2 sleeves cinnamon graham crackers

3/4 c butter, divided

1 1/4 c sugar, divided

6 cups thinly sliced apples

2 tablespoons cinnamon

2 tablespoons flour

8 oz whipping cream

8 oz marscapone cheese

Preparation

In a large skillet, melt 1/4 cup butter. Add sliced apples, cinnamon, 1/2 cup sugar, and flour. Cook until apples are tender and thickened, 15-20 minutes. If apples are too juicy, add more flour. Cool completely. Finely crush graham crackers. Mix with 1/4 cup sugar. Set aside two tablespoons. Add 1/2 cup melted butter to remaining graham cracker mix.
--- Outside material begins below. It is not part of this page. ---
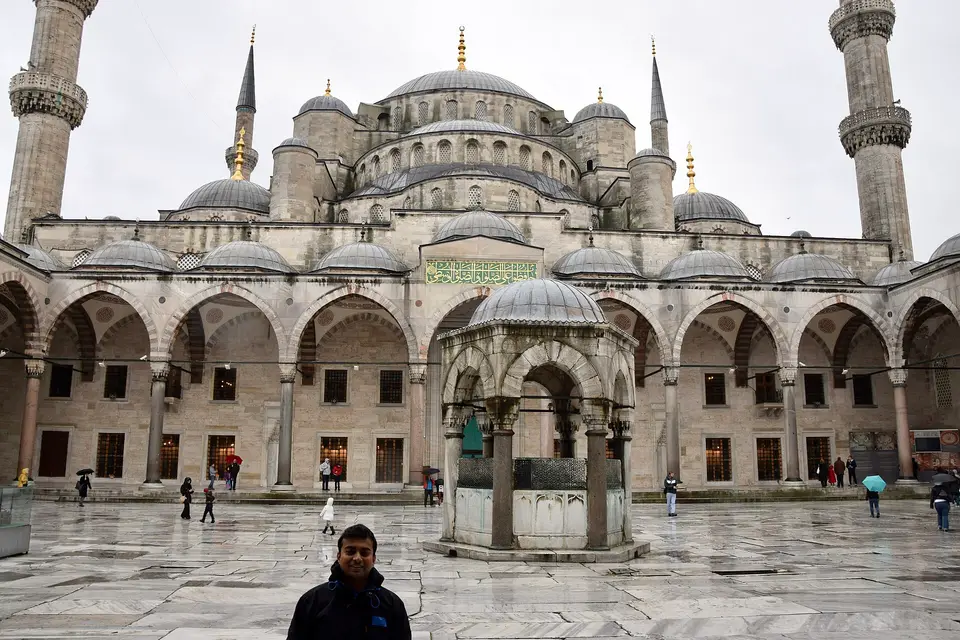 The arcaded courtyard and cascading domes of the Blue Mosque in Istanbul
Mix until saturated and crumbly. Divide between two 9 inch round cake pans that have been lined with foil. Coat only the bottom of the pans. Bake at 350 for 10 minutes. Cool completely. In a chilled bowl, beat whipping cream with 1/4 cup sugar just until soft peaks form. Transfer to another bowl. Beat marscapone cheese with 1/4 cup sugar until smooth. Add whipped cream to marscapone, and beat briefly to combine. Don’t overbeat. Set first crust on serving platter. Spread 1/3 of marscapone mixture over crust. Top with apples. Set the next crust over the apples. Repeat cheese and apple layers. Spoon cheese into a piping bag and pipe swirls on top of apples. Sprinkle reserved graham crackers over top of pie. Chill for several hours or overnight before serving.